Dennis, I do not believe that you are stupid.

I believe you will be able to understand, after watching the video linked below, that the CMRR of a differential amplifier will only reject the noise signal that is picked up in both wires equally (the only signal that is common mode) and will not reject any of the signal that is not common mode (the music signal).


I believe that if you really think about it you will be able to see that none of the input signal (the music signal) can be common to both wires but instead the music signal is differential between the two wires.

What we (meaning you and I) call music signal starts it's life at the diaphragm of a microphone.
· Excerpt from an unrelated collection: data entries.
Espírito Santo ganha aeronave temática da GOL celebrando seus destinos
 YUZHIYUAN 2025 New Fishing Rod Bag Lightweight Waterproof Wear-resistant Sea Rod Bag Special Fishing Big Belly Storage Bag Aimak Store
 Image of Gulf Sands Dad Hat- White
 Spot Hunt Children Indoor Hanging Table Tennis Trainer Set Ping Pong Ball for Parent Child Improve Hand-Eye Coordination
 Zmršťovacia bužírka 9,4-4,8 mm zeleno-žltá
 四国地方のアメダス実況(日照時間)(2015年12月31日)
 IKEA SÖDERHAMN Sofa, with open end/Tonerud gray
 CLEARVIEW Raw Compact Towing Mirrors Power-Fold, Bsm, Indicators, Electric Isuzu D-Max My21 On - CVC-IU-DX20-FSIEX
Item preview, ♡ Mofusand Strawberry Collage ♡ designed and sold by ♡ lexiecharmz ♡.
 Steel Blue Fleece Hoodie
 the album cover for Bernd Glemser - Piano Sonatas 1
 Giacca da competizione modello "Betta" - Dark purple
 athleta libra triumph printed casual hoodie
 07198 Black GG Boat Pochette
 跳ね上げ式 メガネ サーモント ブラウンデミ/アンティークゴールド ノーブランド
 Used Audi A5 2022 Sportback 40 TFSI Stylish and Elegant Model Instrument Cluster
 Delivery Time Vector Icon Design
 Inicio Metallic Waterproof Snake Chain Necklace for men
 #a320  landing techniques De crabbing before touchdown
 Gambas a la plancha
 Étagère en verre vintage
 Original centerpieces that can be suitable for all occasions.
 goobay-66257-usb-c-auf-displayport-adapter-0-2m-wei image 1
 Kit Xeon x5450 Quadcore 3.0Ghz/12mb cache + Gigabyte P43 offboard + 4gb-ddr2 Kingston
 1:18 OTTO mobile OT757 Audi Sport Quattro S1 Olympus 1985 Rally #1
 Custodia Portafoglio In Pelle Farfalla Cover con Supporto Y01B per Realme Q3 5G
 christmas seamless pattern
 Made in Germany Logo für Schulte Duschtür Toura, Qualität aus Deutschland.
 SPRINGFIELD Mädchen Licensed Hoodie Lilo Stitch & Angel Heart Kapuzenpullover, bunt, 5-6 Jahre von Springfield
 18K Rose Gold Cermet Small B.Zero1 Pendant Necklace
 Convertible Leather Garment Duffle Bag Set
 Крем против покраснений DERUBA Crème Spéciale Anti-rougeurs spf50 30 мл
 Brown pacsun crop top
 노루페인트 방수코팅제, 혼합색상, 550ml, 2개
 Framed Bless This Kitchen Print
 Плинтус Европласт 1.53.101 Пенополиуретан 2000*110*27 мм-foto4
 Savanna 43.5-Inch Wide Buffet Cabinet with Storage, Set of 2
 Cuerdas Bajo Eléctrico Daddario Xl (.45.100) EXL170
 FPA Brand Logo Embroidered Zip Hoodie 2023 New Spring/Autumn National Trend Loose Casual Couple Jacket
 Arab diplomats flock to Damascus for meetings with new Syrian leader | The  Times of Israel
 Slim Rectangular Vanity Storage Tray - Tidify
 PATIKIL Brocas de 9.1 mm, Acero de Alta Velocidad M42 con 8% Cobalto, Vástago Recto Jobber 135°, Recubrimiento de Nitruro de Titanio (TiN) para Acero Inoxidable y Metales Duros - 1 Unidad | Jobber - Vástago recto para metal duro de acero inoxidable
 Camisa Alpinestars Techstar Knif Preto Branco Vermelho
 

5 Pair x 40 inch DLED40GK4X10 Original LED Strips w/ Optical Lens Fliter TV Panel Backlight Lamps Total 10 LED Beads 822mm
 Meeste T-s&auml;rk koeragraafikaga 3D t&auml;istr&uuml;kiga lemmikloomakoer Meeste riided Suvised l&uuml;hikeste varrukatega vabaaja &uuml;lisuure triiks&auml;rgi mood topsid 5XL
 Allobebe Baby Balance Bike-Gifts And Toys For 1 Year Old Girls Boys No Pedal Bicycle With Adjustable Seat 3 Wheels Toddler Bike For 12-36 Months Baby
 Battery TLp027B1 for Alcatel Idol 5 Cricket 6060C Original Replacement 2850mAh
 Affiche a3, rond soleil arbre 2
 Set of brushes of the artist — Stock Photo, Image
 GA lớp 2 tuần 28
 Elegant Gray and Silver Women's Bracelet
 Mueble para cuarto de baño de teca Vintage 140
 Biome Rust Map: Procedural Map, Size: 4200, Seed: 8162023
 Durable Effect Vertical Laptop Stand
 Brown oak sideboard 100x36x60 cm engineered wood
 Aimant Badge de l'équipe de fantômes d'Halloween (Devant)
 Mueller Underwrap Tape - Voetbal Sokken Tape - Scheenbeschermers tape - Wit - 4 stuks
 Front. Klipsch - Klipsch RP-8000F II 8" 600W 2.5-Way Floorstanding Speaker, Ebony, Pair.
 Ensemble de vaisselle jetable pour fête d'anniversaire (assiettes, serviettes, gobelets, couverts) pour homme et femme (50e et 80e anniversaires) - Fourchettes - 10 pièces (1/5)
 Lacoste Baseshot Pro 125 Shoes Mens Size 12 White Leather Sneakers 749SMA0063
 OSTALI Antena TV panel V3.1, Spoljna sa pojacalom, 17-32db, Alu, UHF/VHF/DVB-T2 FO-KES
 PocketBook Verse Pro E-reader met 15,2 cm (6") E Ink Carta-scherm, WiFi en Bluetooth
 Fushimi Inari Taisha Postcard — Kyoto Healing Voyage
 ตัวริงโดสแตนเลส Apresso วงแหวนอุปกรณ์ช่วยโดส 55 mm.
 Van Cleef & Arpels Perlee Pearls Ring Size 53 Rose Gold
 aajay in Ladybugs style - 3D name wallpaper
Take a look at the circuit of a u47 microphone. The circuit is single ended. The music signal is the difference between the output of the tube and ground. The signal goes to a parafeed output transformer through C2 to the primary of the output transformer as a single ended signal. There can be nothing common mode up to that point. The other end of the primary is grounded.




The secondary of the output transformer is not connected to ground so the music signal is now the difference between the two ends of the secondary.

The two conductor shielded cable, with the shield connected to ground for shielding purposes only, connects the music signal to the mic-pre in what is called a balanced connection.

The mic-pre input transformer has a primary that is not connected to ground and will only respond to the difference between the two ends (the music signal).

Any noise picked up in the wire run between the microphone and the pre-amp will be equal in amplitude and phase in both wires (common mode) and that input transformer will not respond to signal that is common and therefore rejects it (common mode rejection).

So the noise that is picked up in the wire run is common and rejected while the music signal is not common (it's differential) and is therefore not rejected.


Having said all that, please understand that I am not trying to promote push pull amplifiers.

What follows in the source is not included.